Antara tahun 2008 sampai 2010, saya mengelola rubrik “Arsitekturia” di Surabaya Post, yang harus menghasilkan beberapa tulisan tiap minggu, itu melatih produktivitas saya dalam menulis.
Andy: Saya memulai karir menjadi arsitek setelah lulus dari program sarjana Arsitektur ITS tahun 2004, dan pada 2006 mendirikan biro arsitek bernama ”Andy Rahman Architect”. Lalu, di tahun 2014 saya baru menemukan arah arsitektur saya, yakni kembali ke Arsitektur Nusantara. Meskipun bukan penulis, saya juga terjun ke dunia literasi, telah belajar menerbitkan buku sejak tahun 2012 dengan mas Anas Hidayat, dan mengetahui seluk-beluk serta strategi dalam penerbitan sampai ke pemasarannya.
Buku Ngekos ini buku ke berapa? Sebutkan pula buku-buku karya kalian sebelumnya.
Anas: Ngekos buku saya yang ke-14. Buku-buku saya sebelumnya, baik yang saya tulis sendiri maupun kolaborasi antara lain: Arsitektur adalah Kegelisahan, Arsitektur Koprol, CSA, [+1] Karya Arsitek IAI Jatim, 15 Cerita Arsitek Muda, The Guild, Dancer House, Tan Tjiang Ay Begawan Ciptaning, Gunawan Tjahjono Maharsi Bisma, Tectogram, Methodgram, Wastumiruda Arsitektur Koprol dan Natabata. Yang terbanyak hasil kolaborasi dengan Realrich Sjarief, arsitek dari OMAH Library, Jakarta,
Andy: Ini buku saya yang kelima dalam berkolaborasi dengan Mas Anas. Sebelumnya kami sudah bekerjasama dalam penerbitan tiga buku CSA, +1 dan 15 Cerita Arsitek Muda yang digarap dengan beberapa orang yang lain.
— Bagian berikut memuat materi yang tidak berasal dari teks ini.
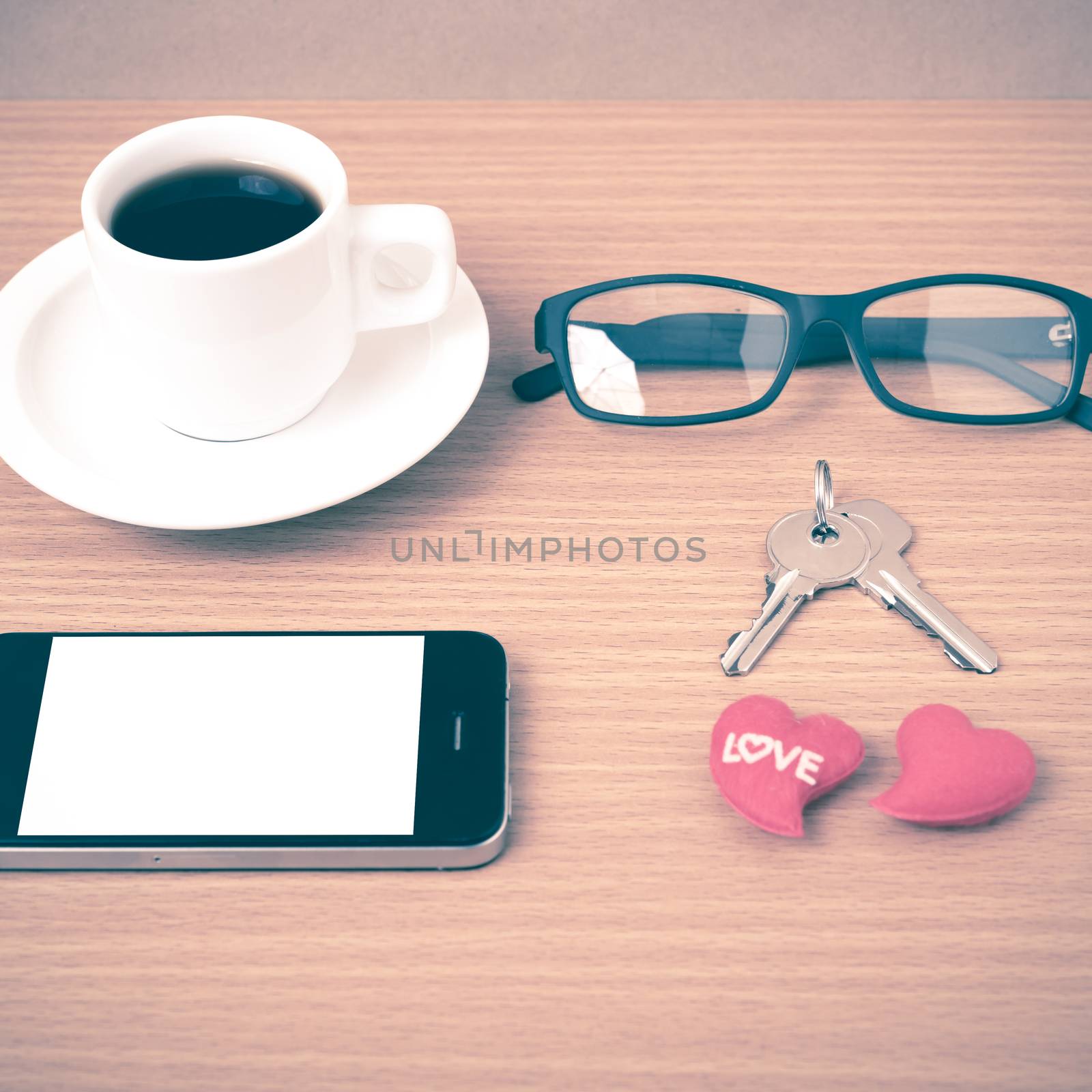 coffee,phone,eyeglasses and key by ammza12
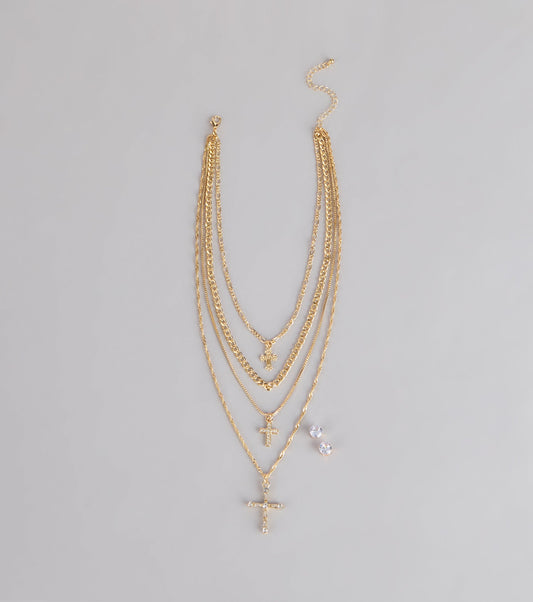 Stacked Shine Necklace And Earrings Set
Kemudian yang benar-benar kolaborasi kami berdua adalah buku “Natabata” yang terbit tahun 2019. Jadi, buku “ngekos” ini buku kedua kolaborasi murni saya berdua dengan Mas Anas Hidayat.
Tolong jelaskan secara singkat buku Ngekos itu berbicara tentang apa saja? Dan kenapa sampai mesti begitu tebal hingga beratus halaman.
Buku ngekos ini membicarakan tentang 6 rumah kos terbangun karya dari Andy Rahman Architect, dengan dilihat dari berbagai sudut pandang, ada sudut pandang pemilik, pengguna, akademisi/peneliti dan juga sudut pandang arsiteknya sendiri. Di buku ini juga dibahas 7 karya rumah kos kontemporer yang sudah didesain dan menuju/sedang dalam proses pelaksanaan.
Tebal sampai 400an halaman karena bilingual (dwibahasa): Indonesia dan Inggris. Ini dengan maksud agar bisa dibaca oleh kalangan internasional juga, meski rIsikonya bukunya jadi tebal. Ini juga bermula dari penerbitan buku “Natabata” (kolaborasi pertama kami) tahun lalu, yang juga booming dan mampu menjangkau luar negeri karena bilingual.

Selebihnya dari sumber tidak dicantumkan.